Prostasin is a tryptic peptidase expressed in prostate, kidney, lung, and airway. Mammalian prostasins are related to Xenopus channel-activating protease, which stimulates epithelial Na+ channel (ENaC) activity in frogs. In human epithelia, prostasin is one of several membrane peptidases proposed to regulate ENaC. This study tests the hypothesis that prostasin can regulate ENaC in cystic fibrosis epithelia in which excessive Na+ uptake contributes to salt and water imbalance. We show that prostasin mRNA and protein are strongly expressed by human airway epithelial cell lines, including immortalized JME/CF15 nasal epithelial cells homozygous for the DeltaF508 cystic fibrosis mutation. Epithelial cells transfected with vectors encoding recombinant soluble prostasin secrete active, tryptic peptidase that is highly sensitive to inactivation by aprotinin. When studied as monolayers in Ussing chambers, JME/CF15 cells exhibit amiloride-sensitive, transepithelial Na+ currents that are markedly diminished by aprotinin, suggesting regulation by serine-class peptidases. Overproduction of membrane-anchored prostasin in transfected JME/CF15 cells does not augment Na+ currents, and trypsin-induced increases are small, suggesting that baseline serine peptidase-dependent ENaC activation is maximal in these cells. To probe prostasin's involvement in basal ENaC activity, we silenced expression of prostasin using short interfering RNA targeting of prostasin mRNA's 3'-untranslated region. This drops ENaC currents to 26 +/- 9% of baseline.
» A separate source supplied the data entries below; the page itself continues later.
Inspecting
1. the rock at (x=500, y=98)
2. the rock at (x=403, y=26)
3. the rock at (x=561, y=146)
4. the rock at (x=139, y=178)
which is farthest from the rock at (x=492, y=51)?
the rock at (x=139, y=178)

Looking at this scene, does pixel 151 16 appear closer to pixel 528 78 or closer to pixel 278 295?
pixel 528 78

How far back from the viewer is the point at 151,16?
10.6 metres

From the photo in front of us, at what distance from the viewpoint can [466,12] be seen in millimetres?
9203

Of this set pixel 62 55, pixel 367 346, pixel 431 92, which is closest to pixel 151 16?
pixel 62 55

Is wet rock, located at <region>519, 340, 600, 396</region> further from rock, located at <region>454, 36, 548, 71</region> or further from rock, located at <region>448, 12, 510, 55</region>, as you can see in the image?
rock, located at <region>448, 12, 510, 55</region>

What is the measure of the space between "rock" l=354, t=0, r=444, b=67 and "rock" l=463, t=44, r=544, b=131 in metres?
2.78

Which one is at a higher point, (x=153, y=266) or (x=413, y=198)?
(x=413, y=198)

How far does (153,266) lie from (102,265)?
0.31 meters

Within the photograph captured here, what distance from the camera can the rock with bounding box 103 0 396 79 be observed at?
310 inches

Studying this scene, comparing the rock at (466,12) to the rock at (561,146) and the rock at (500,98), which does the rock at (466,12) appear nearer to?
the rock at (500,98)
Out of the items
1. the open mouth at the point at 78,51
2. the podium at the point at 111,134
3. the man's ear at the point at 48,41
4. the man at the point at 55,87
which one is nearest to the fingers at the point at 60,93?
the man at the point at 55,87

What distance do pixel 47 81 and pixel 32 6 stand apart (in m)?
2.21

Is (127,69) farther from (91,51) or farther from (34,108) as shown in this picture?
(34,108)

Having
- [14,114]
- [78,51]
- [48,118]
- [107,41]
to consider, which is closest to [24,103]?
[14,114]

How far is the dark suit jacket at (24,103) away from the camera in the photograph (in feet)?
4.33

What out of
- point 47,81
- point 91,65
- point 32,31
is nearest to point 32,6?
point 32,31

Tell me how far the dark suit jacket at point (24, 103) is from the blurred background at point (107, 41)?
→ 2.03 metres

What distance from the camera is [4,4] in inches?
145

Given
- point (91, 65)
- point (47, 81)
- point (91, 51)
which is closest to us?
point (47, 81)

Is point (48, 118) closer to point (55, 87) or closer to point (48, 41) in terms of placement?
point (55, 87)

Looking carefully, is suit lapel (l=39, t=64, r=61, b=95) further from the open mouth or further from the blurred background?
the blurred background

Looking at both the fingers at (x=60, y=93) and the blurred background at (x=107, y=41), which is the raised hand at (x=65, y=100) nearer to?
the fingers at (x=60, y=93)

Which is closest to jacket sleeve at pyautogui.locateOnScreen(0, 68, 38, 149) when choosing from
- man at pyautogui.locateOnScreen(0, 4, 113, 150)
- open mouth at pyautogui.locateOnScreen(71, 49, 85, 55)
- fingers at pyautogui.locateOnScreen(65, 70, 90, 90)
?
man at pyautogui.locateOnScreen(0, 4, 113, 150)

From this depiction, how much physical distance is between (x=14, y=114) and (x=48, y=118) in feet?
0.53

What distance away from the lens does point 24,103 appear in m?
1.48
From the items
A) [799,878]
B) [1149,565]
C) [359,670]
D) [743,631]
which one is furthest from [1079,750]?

These data predict that prostasin is a major regulator of ENaC-mediated Na+ current in DeltaF508 cystic fibrosis epithelia and suggest that airway prostasin is a target for therapeutic inhibition to normalize ion current in cystic fibrosis airway.

Mouse prostasin gene structure, promoter analysis, and restricted expression in lung and kidney.
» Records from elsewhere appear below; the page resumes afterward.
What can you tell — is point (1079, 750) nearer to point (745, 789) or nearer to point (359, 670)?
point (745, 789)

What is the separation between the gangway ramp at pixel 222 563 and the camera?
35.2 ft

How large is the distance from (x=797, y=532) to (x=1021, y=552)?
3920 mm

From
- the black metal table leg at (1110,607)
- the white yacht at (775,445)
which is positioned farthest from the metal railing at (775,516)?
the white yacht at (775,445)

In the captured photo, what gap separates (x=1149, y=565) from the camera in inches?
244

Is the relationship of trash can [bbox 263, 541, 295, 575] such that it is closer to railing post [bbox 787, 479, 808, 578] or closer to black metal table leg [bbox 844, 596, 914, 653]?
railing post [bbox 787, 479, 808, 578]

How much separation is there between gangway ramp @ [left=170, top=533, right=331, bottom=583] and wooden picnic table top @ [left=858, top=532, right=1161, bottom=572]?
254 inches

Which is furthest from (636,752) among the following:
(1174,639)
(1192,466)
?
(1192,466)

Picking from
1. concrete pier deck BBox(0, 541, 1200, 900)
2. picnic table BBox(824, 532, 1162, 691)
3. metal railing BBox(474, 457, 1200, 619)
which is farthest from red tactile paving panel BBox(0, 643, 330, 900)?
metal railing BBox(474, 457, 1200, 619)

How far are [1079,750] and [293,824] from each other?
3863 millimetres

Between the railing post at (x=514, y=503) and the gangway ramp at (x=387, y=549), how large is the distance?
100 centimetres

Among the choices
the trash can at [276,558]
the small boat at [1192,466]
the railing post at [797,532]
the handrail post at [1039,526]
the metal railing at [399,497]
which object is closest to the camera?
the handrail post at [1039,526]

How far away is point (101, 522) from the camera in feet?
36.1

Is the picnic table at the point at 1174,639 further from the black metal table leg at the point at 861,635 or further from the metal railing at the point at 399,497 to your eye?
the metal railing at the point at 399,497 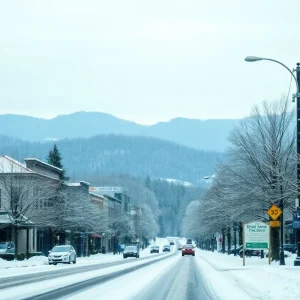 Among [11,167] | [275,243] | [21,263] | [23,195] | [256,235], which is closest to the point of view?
[256,235]

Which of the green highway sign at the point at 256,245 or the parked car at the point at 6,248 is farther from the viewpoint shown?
the parked car at the point at 6,248

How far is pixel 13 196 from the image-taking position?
65000mm

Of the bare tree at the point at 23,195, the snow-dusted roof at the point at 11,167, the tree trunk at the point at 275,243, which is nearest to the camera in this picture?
the tree trunk at the point at 275,243

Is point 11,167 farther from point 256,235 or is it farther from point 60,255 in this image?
point 256,235

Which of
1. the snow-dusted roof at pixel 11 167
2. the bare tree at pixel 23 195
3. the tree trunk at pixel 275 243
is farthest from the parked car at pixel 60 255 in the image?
the tree trunk at pixel 275 243

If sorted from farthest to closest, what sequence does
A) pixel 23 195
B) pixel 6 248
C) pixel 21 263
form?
pixel 23 195
pixel 6 248
pixel 21 263

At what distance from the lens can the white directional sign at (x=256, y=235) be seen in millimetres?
46375

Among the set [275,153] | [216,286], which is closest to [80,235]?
[275,153]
Human prostasin is a membrane-anchored serine peptidase hypothesized to regulate lung epithelial sodium transport. It belongs to a unique family of genes on chromosome 16p11.2/13.3. Here we describe genomic cloning, promoter analysis, and expression of prostasin's mouse ortholog. The 4.3-kb mouse prostasin gene (prss8) has a six-exon organization identical to human prostasin. Prss8 spans two signal tagged-sites localized to chromosome 7. Multiple mRNA transcripts arise from two consensus initiator elements of a TATA-less promoter and an alternatively spliced, 5' untranslated region intron. Reporter assay establishes that the initiator elements and a GC-rich domain comprise the core promoter and identifies 5' flanking regions with strong enhancer and repressor activity. The 3' untranslated region overlaps the 3' untranslated region of the Myst1 gene oriented tail-to-tail at this locus. Prss8 is highly transcribed in pancreas, kidney, submaxillary gland, lung, thyroid, prostate, and epididymis, and is developmentally regulated. Using selective riboprobes and antibodies to mouse prostasin, we localized its expression to lung airway epithelial and alveolar type II cells and kidney cortical tubule epithelium. Mouse prostasin highly resembles its human ortholog in gene organization and tissue specificity, including strong expression in pulmonary epithelium, suggesting that mice will be useful for probing prostasin's functions in vivo.